This note introduces the Bluestein algorithm, also known as the Chirp-Z transform, and outlines how it can be implemented efficiently on GPUs.

Algorithm idea

The discrete Fourier transform of a signal can be written as:

$$ X_k=\sum_{n=0}^{N-1}x(n)e^{-\frac{2i\pi}{N}nk} $$

The cross term $nk$ can be expanded through a square:

$$ (n-k)^2=n^2-2nk+k^2 => nk=-\frac{(n-k)^2-n^2-k^2}{2} $$

Substituting this into the original expression gives:

$$ e^{-\frac{2i\pi}{N}nk}=e^{\frac{2i\pi}{N}\frac{(n-k)^2-n^2-k^2}{2}}=e^{\frac{\pi i(n-k)^2}{N}}e^{-\frac{\pi in^2}{N}}e^{-\frac{\pi ik^2}{N}} $$

So the Fourier transform can be rewritten as:

$$ X_k=e^{-\frac{\pi i k^2}{N}}\sum_{n=0}^{N-1}{x(n)}e^{\frac{\pi i(n-k)^2}{N}}e^{-\frac{\pi in^2}{N}} $$

If we define $A_n=x(n)e^{\frac{\pi i n^2}{N}}$ and $B_n=e^{\frac{\pi in^2}{N}}$, then the transform becomes:

$$ X_k=B_n^{*}\sum_{n=0}^{N-1}A_nB_{n-k} $$

The last term is a convolution, which means that the DFT can be evaluated via convolution instead of direct summation.

Convolution theorem

Convolution is a standard operation in signal processing and image processing. The convolution theorem states that convolution in the time domain corresponds to multiplication in the frequency domain.
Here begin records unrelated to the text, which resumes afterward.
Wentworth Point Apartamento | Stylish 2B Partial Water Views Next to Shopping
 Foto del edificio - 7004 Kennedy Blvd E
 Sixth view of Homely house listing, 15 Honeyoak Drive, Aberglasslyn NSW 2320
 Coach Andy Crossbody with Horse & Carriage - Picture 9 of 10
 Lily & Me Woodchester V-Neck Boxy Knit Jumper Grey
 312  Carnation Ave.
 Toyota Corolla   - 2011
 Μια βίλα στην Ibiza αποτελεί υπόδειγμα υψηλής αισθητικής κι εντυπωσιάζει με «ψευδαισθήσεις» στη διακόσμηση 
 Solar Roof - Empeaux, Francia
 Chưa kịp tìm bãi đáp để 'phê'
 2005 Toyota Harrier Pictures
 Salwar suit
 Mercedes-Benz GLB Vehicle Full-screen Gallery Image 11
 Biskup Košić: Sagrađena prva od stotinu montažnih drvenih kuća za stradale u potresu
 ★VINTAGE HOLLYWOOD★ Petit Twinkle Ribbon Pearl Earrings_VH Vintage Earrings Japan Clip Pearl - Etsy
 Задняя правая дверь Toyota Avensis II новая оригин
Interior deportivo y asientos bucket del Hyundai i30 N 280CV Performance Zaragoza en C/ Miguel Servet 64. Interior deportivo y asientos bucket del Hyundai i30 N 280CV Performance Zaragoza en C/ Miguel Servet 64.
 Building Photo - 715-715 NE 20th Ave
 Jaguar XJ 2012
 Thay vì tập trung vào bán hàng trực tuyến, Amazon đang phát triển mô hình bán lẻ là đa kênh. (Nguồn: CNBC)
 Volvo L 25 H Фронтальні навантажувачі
For two discrete sequences $a_n$ and $b_n$, with $\star$ denoting convolution, $F$ denoting the Fourier transform, and $F^{-1}$ the inverse transform, we have:

$$ (a_n \star b_n)=F^{-1}(F(a_n) \cdot F(b_n)) $$

This observation reduces the complexity from $O(N^2)$ to roughly $O(N\log N)$ when FFTs are used.

Zero padding

FFT-based convolution assumes periodic signals, so zero padding is needed to avoid circular convolution when the target is linear convolution. In ordinary convolution, the padded length is usually $N_1+N_2-1$. For the Bluestein algorithm, if the FFT length is $N$, the required length becomes $2N-1$. In practice we often round this up to the nearest power of two because radix-2 FFTs are more efficient.

Implementation steps

With the derivation above, the implementation becomes straightforward:

  1. Zero-pad the input sequence $A_n = x_ne^{-\frac{\pi j}{N}n^2}$.
  2. Zero-pad the chirp sequence $B_n=e^{\frac{\pi j}{N}n^2}$.
  3. Compute FFTs for both padded sequences.
  4. Multiply the transformed sequences elementwise.